─── Data extract ───

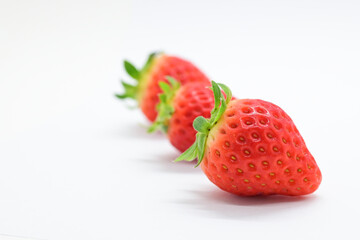 beautiful three fresh red strawberry isolated on white background
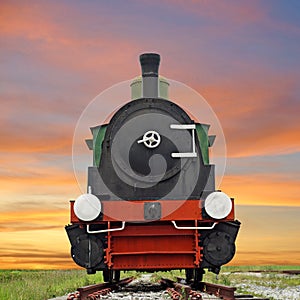 Old steam engine locomotive train on beautiful sky background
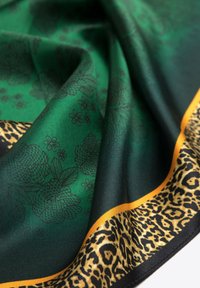 Groene zijde sjaal met een bloemenpatroon, omzoomd met een levendige gouden rand en een luipaardprint-sectie, die een gladde textuur laat zien.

───

=== How to complete this task ===
Output the span from the line with "Old steam engine" through the last line of the data, inclusive and exact, and omit every picture.

=== Task solution ===
 Old steam engine locomotive train on beautiful sky background
 Groene zijde sjaal met een bloemenpatroon, omzoomd met een levendige gouden rand en een luipaardprint-sectie, die een gladde textuur laat zien.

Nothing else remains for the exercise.